Formatting with Sed creating empty file

I’m having an input file with one million records and formatting and writing to another file to a different location but some times it is writing empty file(intermittent). Following is the scenario: Input.out

Adding Header:

echo “HSample” >> output.out Details : cat Input.out | sed -e ‘s/^/D/‘ >> output.out 

Trailer :

echo “TSample” >> output.out

In the output.out it is writing only Trailer record without header and details.

This is happening intermittently, if I rerun it is ok.

Please advise.

Thanks

It sounds like you’re experiencing a timing or file-access issue that might be causing output.out to be written prematurely or not fully at times.

Hints:

  • Try to ensure Input.out is fully loaded.
  • Use temporary file for consistency.
  • Add some code for error handling.
  • Consider reducing command substitutions.

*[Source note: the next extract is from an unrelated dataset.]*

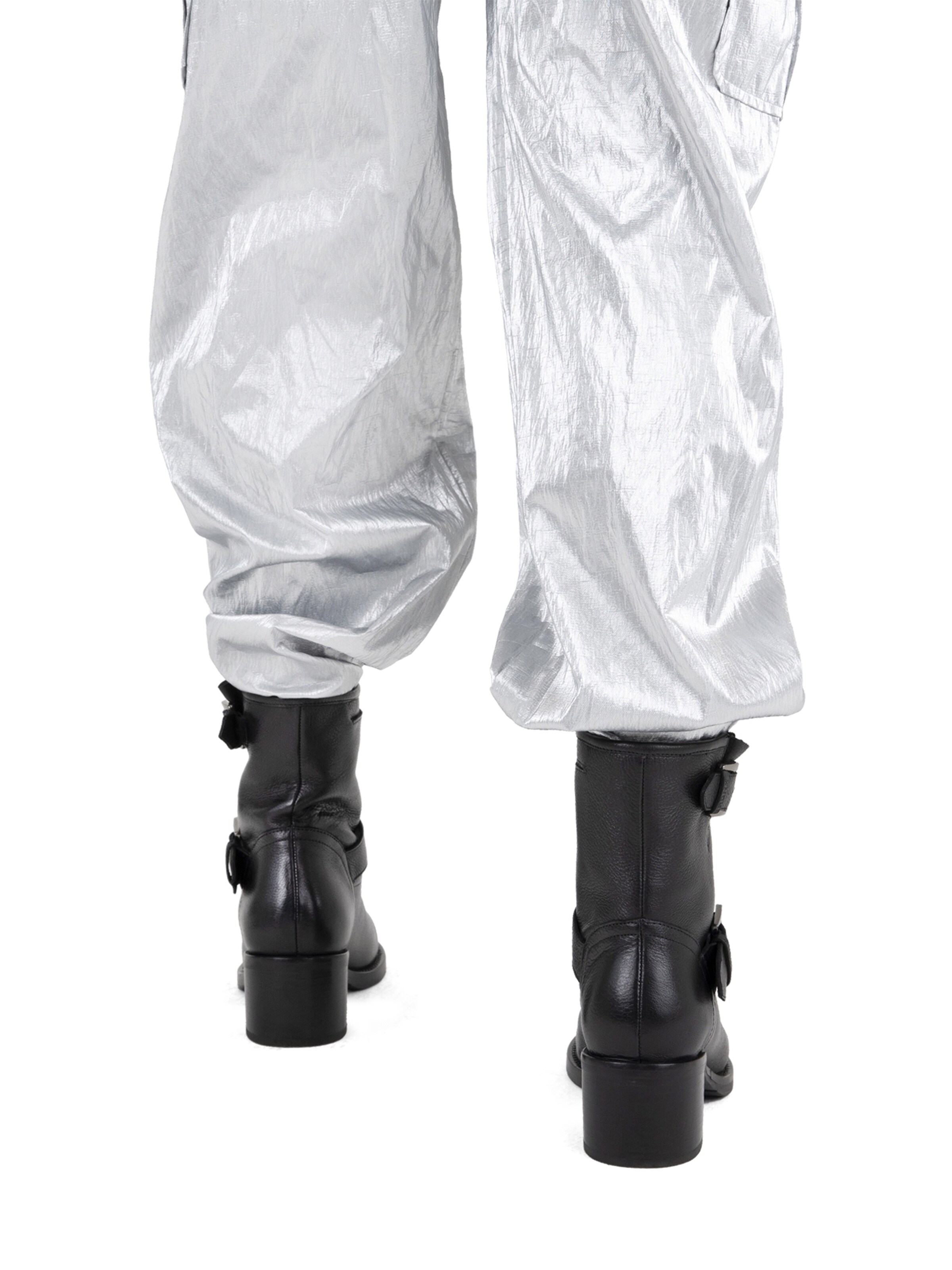 BRONX Ботинки 'New Camperos' в Черный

Reviewing and tweaking these steps should increase consistency in the output and prevent intermittent empty files.

1 Like

Hi Neo, Thanks for the information, however I doubt it is timing issue, as trailer record consists record count from input records and every time we had this issue, trailer record is the only record written to the output with correct record count. Thanks

1 Like

That's a colon. I think you want a semicolon

;

2 Likes

See remark about : instead of ; (I assume it's just wrongly formatted post, and you don't need any of them, but if you really do need it - always use ; at the end of each complete command).
And you don't actually need cat for anything

echo "HSample" >> output.out;
sed -e 's/^/D/' Input.out >> output.out;
echo "TSample" >> output.out;

Make sure the last command (for writing trailer data) always uses >> to append and NOT a single > to overwrite. If not sure, in Bash you may use e.g. set -o noclobber that prevents > from overwriting an existing file, while still allowing >> to append to it.

Behind the scenes each >> does open(),seek(),close()
You can make a command group and redirect all its output (and even its input if desired):

{
echo "HSample"
sed -e 's/^/D/' Input.out
echo "TSample"
} >> output.out

zsh (not bash or other shells) also allows

>> output {
echo "HSample"
sed -e 's/^/D/' Input.out
echo "TSample"
}

that better reflects the execution order.